• [Goal of the exercise]: Copy word for word, please, the lines of the entries below running from the one containing "Double Room with Sea View - Photo 3" to the one containing "Johnny Sawyer Dyer", both ends included.

• [Supplied records]:
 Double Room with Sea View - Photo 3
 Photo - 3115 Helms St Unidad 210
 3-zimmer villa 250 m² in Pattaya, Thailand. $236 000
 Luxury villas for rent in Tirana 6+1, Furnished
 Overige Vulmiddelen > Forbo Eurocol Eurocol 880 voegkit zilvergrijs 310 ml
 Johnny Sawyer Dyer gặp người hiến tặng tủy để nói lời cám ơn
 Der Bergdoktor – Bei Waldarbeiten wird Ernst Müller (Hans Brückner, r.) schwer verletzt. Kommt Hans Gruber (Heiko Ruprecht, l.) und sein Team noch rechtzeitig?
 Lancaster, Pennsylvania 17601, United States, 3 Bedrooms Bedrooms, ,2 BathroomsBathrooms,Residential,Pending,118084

---

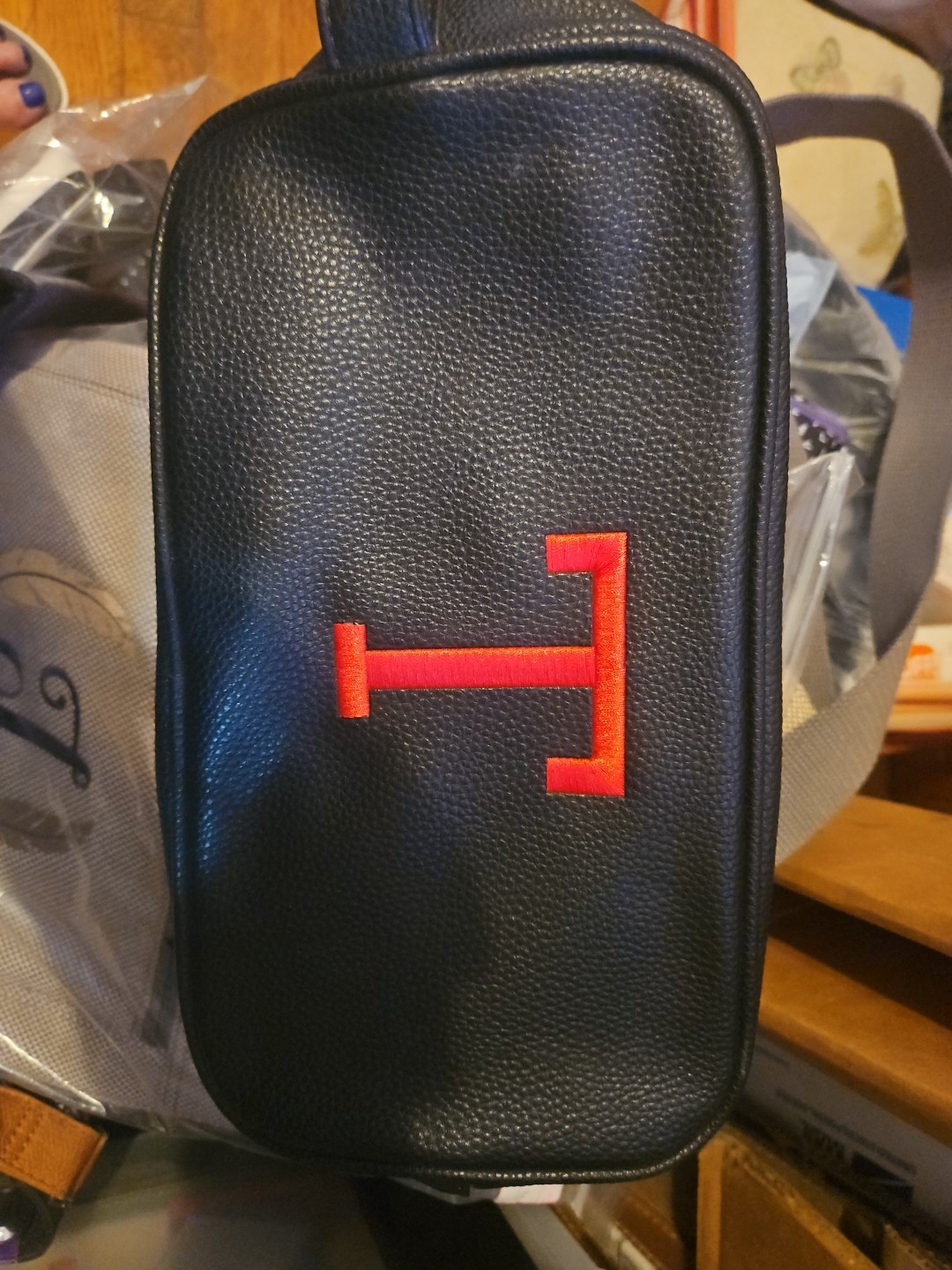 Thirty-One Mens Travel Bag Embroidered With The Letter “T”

• [Solution to this problem]:
 Double Room with Sea View - Photo 3
 Photo - 3115 Helms St Unidad 210
 3-zimmer villa 250 m² in Pattaya, Thailand. $236 000
 Luxury villas for rent in Tirana 6+1, Furnished
 Overige Vulmiddelen > Forbo Eurocol Eurocol 880 voegkit zilvergrijs 310 ml
 Johnny Sawyer Dyer gặp người hiến tặng tủy để nói lời cám ơn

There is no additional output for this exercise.